Можно даже утверждать, что В. Белинский опередил Карла Маркса с его коммунизмом, пока тот ещё ждал, пока появится Энгельс и расскажет, что на планете есть такой класс - пролетариат. Их совпадение объясняется тем, что оба исходили из масонской идеологии «равенства, братства и интернационализма» и из отрицания действительности, в частности - государства как эволюционного способа организации жизни общества, семей, индивидов. И, как и Маркс, Белинский ничего конкретного не предложил вместо разрушения и крови, и после разрушения и крови…
На примере Белинского, Огарева, Герцена мы наблюдаем дальнейшее развитие («прогресс») процесса преклонения перед Западом (и в связи с этим разделение общества на две разные смысловые части), начатого Петром Первым.
Похоже, «неистовый» Виссарион пытался дальше «прогрессировать» и в письме тому же Боткину писал: «Отрицание - мой Бог…», то есть он заменил настоящего Бога своим, а свой нигилизм превратил в свою религию. К. Маркс, правда, пошел дальше и технологичнее - отринув настоящего Бога, объявил новым богом прессу и журналистов.
Но вскоре в результате философских исканий на этом направлении Белинский попал в мрачный тупик, как пытаются объяснить его поклонники - у Белинского случился душевный кризис, поэтому он стал ненавидеть Жизнь и писал о ней: «Жизнь - ловушка, а мы мыши… к чему всё на свете и зачем: ведь все мы помрем и сгинем, для чего же любить, верить, надеяться… умирают люди, умирают народы, умрет и наша планета». - Эдакий маленький Люцифер с убогим фатальным сознанием, протестующий против Бога. И в поисках выхода из этого мрачного тупика Белинский обратил внимание на «женский вопрос» и стал экспериментировать с женщинами, с ними искать смысл жизни.

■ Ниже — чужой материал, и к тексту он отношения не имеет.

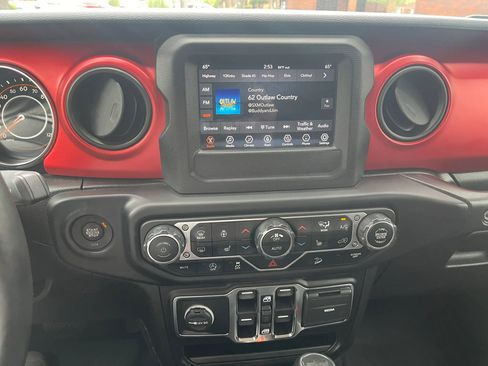 Used 2021 Jeep Wrangler Unlimited Sport image 19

И на этом этапе своих поисков Белинский прочитал рассказы под названием «Мельхиор» (1832 г.) освободившейся из монастыря и упивающейся свободой «без нелепых предрассудков» на лоне французских революций Жорж Санд (Авроры Дюпен). И Сен-Симон тут же слетел с пьедестала в голове Белинского, и на его место уселась знаток женских душ мадам Санд со своими тезисами:
«Бросим вызов всему миру, и пусть душа моя погибнет.

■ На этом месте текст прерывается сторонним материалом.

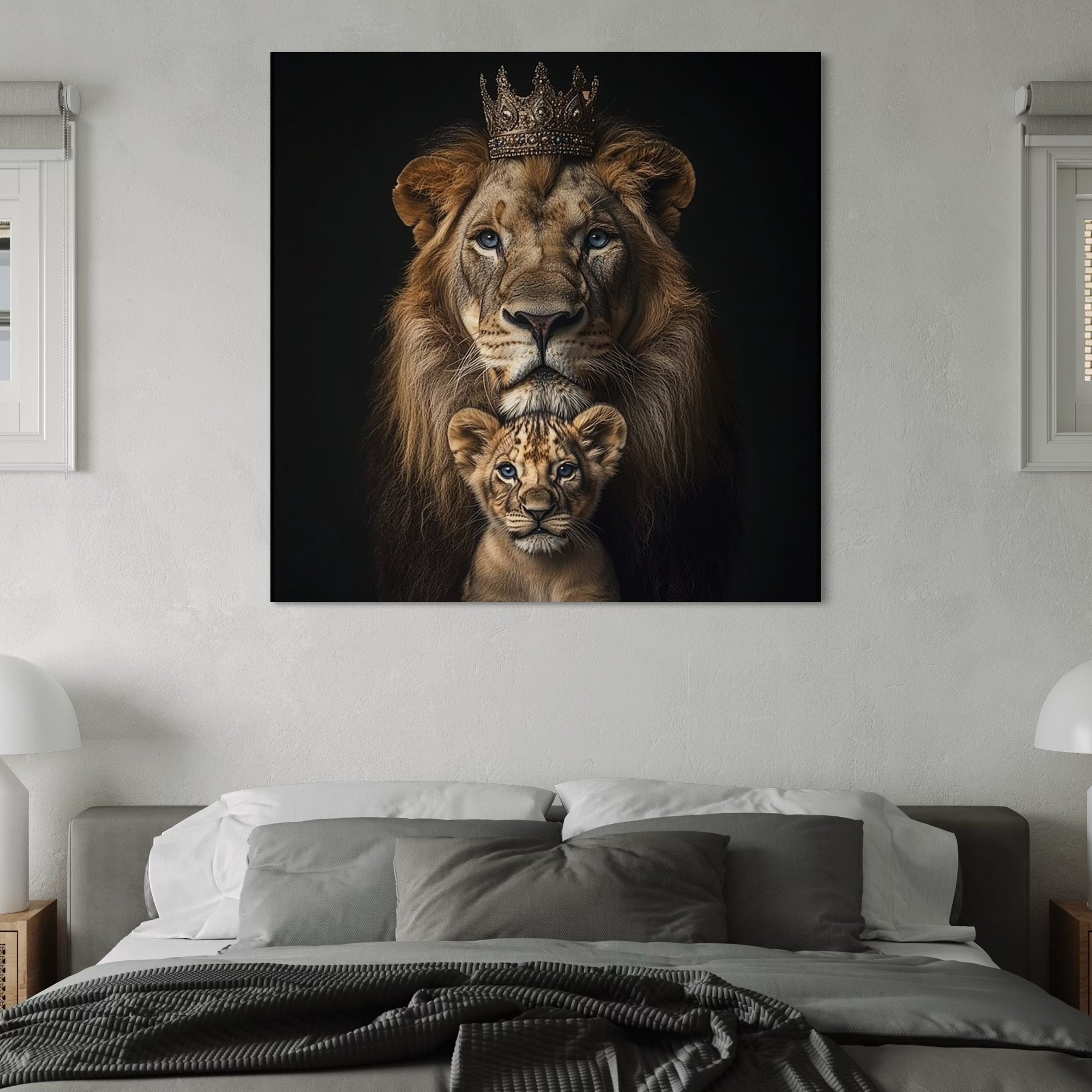 tablou canvas cu un pui de leu si un leu cu o coroana aurie, pe fundal negru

Будем счастливы на земле, разве счастье быть твоей не стоит того,
чтобы заплатить за него вечными муками»
Здесь для В. Белинского было и родное бунтарство и протестный «героизм в объятиях», и в этом - вызов обществу и власти, и в этом философское укрытие от общества и власти и удобно-приятный смысл жизни: «Быть может, он (человек) лучше отвечал бы намерениям Творца, если бы просто наслаждался настоящим», - подсказывала нежно Ж. Санд.

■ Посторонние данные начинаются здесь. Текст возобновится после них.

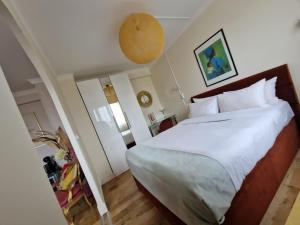 Ένα ή περισσότερα κρεβάτια σε δωμάτιο στο location chambre chez l'habitant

«Эта женщина постигла таинство любви», - восхищался новым кумиром В. Белинский, теперь для него подруга Шопена и многих французов была всем и вся - «Мы счастливы, очи наши узрели спасение наше, и мы отпущены Владыкою, мы дождались знамений…» - в каком иступленном трансе писал прозревший и постигший какие-то глубины В.Белинский, молясь на новую икону. И бросился искать похожую женщину, - нашел, и даже в 1843 году женился.
И когда после достижения и утоления В. Белинский в 1845 году вернулся к активной публичной критике, то вдруг напал на давно почившего старика Г. Державина, назвав его «поэт наивного эпикурейства». Белинский со своим своеобразным пониманием Бога теперь просто не мог не наскочить и атаковать выдающегося православного мистика, метафизика Николая Гоголя.
Он и раньше его ненавидел, не переносил его «дух», его духовность, «Светоч» В. Белинский в письме Боткину ещё в 1842 году писал:
«Страшно подумать о Гоголе: ведь во всем, что он писал - одна натура, как в животном. Невежество абсолютное. Что наблевал о Париже-то».